I do not understand why there is no division for each team by 2? For a given team, it does not matter if player a was select first and then player b, or visa versa. Pls. help

Hi Ron,

Your question is not clear. Can you please elaborate.

The numerator is all the options to take all the teams (choose two from 6, then choose 2 from 4) The we divide this by 3! so that we take into account all possible permutations of the teams. But for each team, of player a and player b, it is the same team if a is chosen first and then b, just as if b were chosen first and then a. So to my logic, we need to divide each team for example 6C2 by 2 to take that into account.... no?

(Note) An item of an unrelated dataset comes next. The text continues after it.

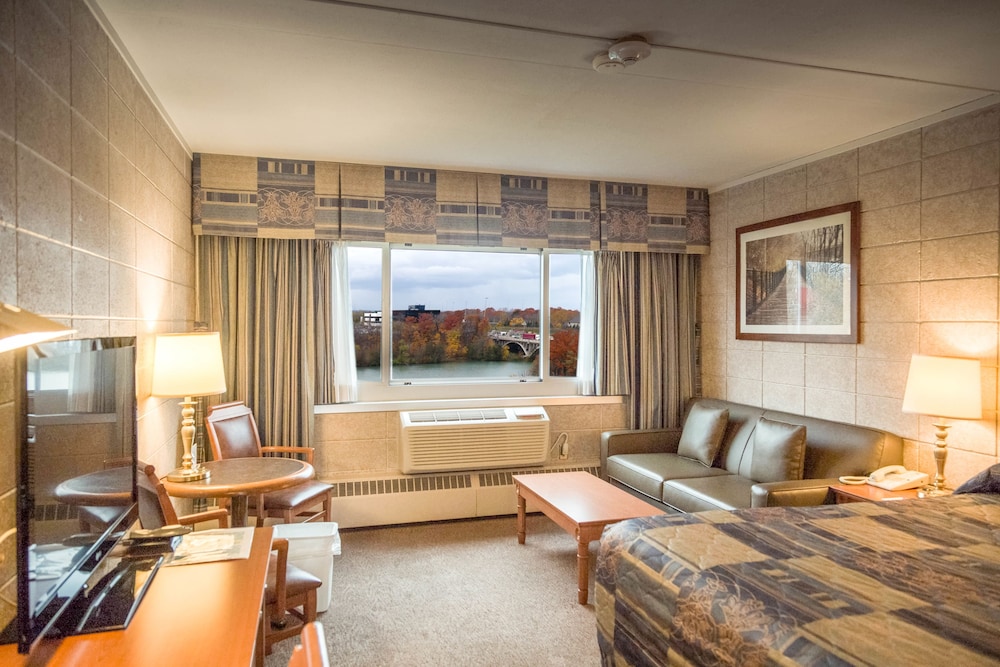 Capri Inn 37/54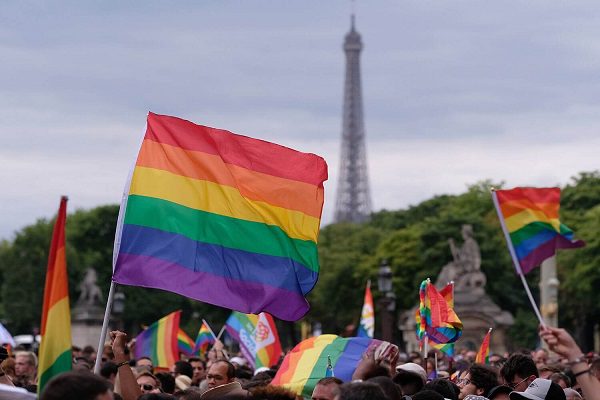 Francia aprueba ley que prohíbe las terapias de reorientación sexual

lets says for the 1st team i chose any two boys ( so it is 6c2 i.e 15 ways ) now two members are out and i am left with 4 boys ,,,now i agn chose 2 boys out of 4 ( 4c2....6 ways )

now only two members will be left and they will form the third team

so total no of ways 15 * 6 = 90

You have selected the "first team", the "second team" and the "third team" i.e. you have ordered the teams. Say, you select A and B for first team, C and D for second team and E and F for the third team. Now say you select C and D for first team, A and B for second team and E and F for third team. Are they different selections? No. We just need 3 teams. The three teams are A and B, C and D and E and F in both cases. So we need to divide the teams we obtain by 3! to get rid of the team arrangement.

Re: Six highschool boys gather at the gym for a modified game [#permalink]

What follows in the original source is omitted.